By integrating methods from the fields of vision science and cognitive computational neuroscience, this research will advance our understanding of how the human brain extracts relational information from visual scenes. This research also has broad implications for understanding perceptual processing of physical relations, which are an unexplored but important domain in STEM education and crucial for scientific understanding, e.g., about physical mechanics (such as the movement of gas particles in a container).
The proposed research combines psychophysical, neuroimaging, and computational modeling approaches to pursue three objectives, aimed at characterizing: (1) what properties of relations are perceived, (2) where relational information is represented in the brain, and (3) how relational structure is computed and represented. We focus on physical relations between objects (e.g., containment ["on"] and support ["in"]), as such relations are central to many other processes in the mind, including physical understanding (e.g., if the mat moves, will the cat too?).
In the first objective, we will use rapid perceptual tasks to measure the influence of relational properties on similarity judgment behavior. In the second objective, we will identify which areas of the brain encode visual relational information, by identifying brain regions in which the participating objects (e.g., cat, mat) are encoded in an integrated, non-linear manner (i.e., where relational representations are not well-approximated by simple weighted sums of the representations of the participating objects).

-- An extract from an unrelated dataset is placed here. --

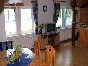 Fernsehen mit Ausblick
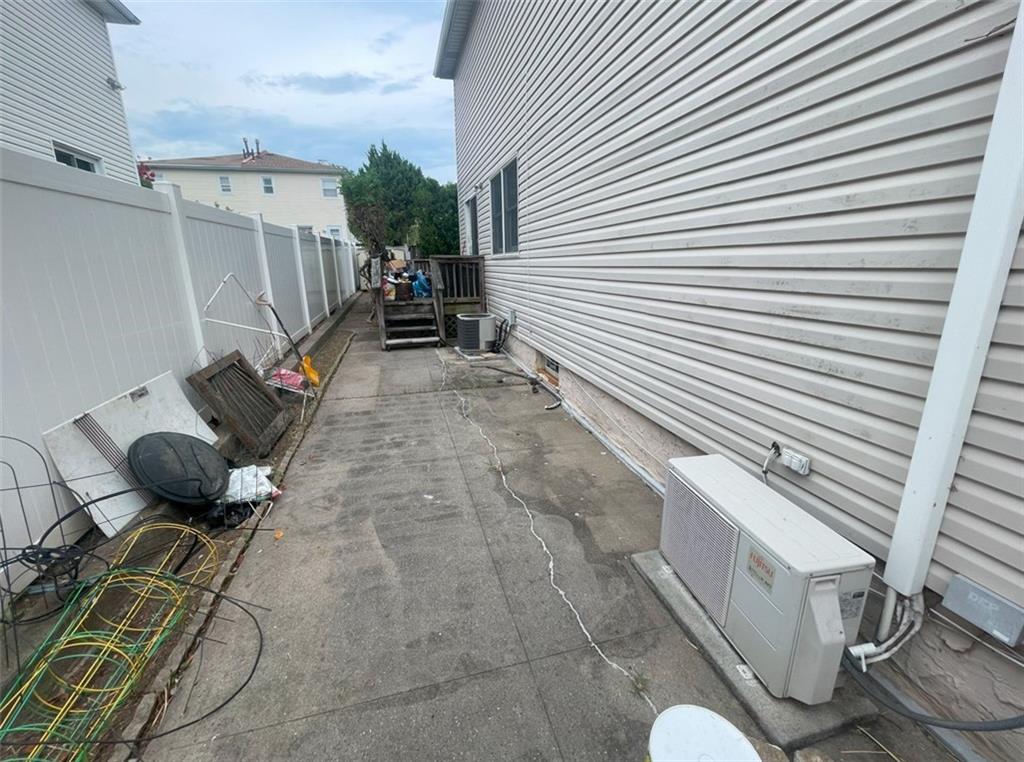 69 Littlefield Avenue, Staten  Island, New York, 10312 image 25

In the third objective, we will test the hypothesis that the brain implements a compositional representation of visual relations, by asking whether a model that explicitly encodes relational structure (e.g., mat as Supporter, cat as Supported) can predict neural patterns for novel relational scenes. The proposed research engages a new frontier in scene representation: how the human brain computes high-level information about the relational structure of the world. It also has direct implications for theories of spatial cognition, language, and intuitive physics.
This award reflects NSF's statutory mission and has been deemed worthy of support through evaluation using the Foundation's intellectual merit and broader impacts review criteria.